Again, the advisory group thought that this workflow seemed tractable and agreed that the best way to ensure that would be to proceed to creating a working pilot of a global grant identifier system based on the DOI.

Next steps

Crossref is starting a grant identifier pilot. We will create two sub-groups of the funder advisory group.

Group for “Governance, membership, and fees”

This group will look at governance and financial issues raised by the introduction of grant identifiers. For example, it will look at whether Crossref’s membership model works as is or might need to be adjusted in order to accommodate a new constituency. We know, for example, that some funders find it hard to become “members” of organizations. We might need to create other participation categories in order to accommodate these restrictions. Similarly the group will look design a pricing model of DOIs for grants in order to make sure that they cover the costs of modifying and sustaining the system for them, as well as to ensure that the pricing incentivises funders to participate. This sub-group will work closely with Crossref’s membership and fees committee.

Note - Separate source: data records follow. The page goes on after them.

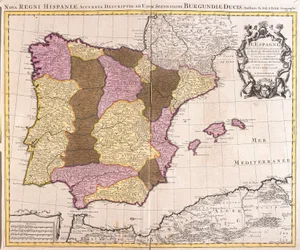 Kort over den iberiske halvø, Kongeriget Portugal og Spanien (radering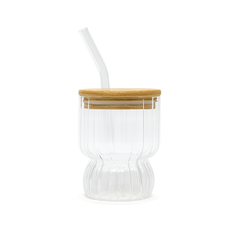 350ml Straw Glass – Clear Borosilicate with Wooden Lid & Reusable Straw (Curved Design)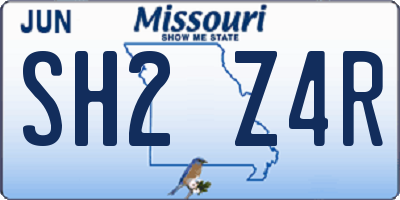 MO license plate SH2Z4R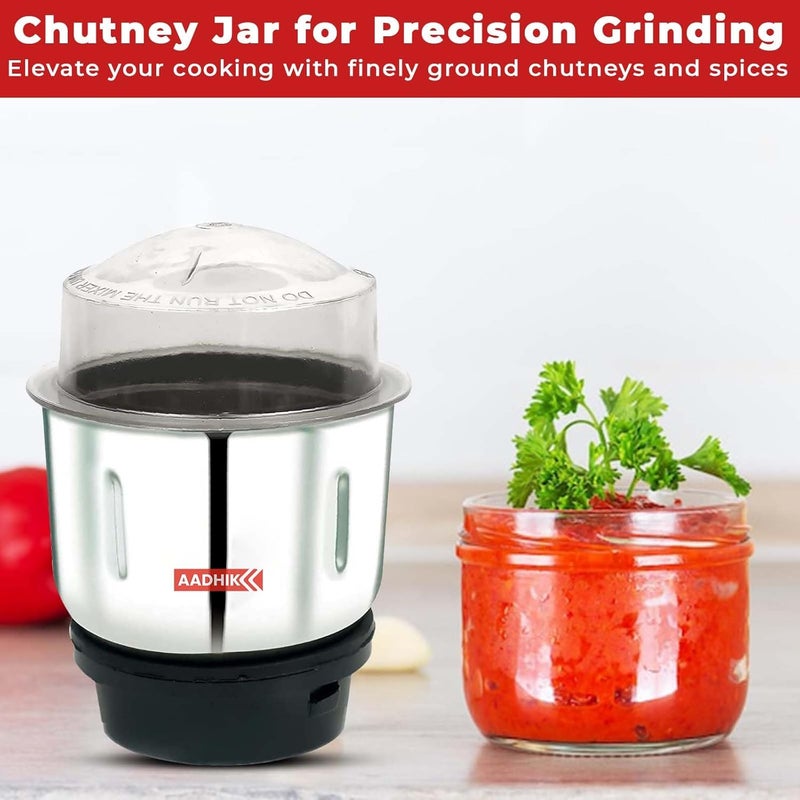 AADHIK Mixer Jar 400 ml Chutney Jar, Quality Stainless Steel Blades, Suitable for All mixer Grinder With 4 Teeth Lock- Pack Of 1 - Image 2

Group for “Technical and metadata”

This group will look at any technical changes that need to be made to registration process in order to accommodate the new participants. If there are, they are likely to center around specific metadata requirements for grants. As such, the group will likely spend most of its time agreeing to a practical metadata schema for capturing relevant information about the myriad of ways in which organizations support research. This group will also liaise with other relevant technical working groups, such as those who are looking at organizational identifiers and conference identifiers.

The two sub-groups will first meet in January and, after a few meetings, will report back the advisory group with recommendations. Using these recommendations, we will develop an implementation plan which will include testing the infrastructure, testing metadata deposits, fee modelling, etc, with a small group of participants.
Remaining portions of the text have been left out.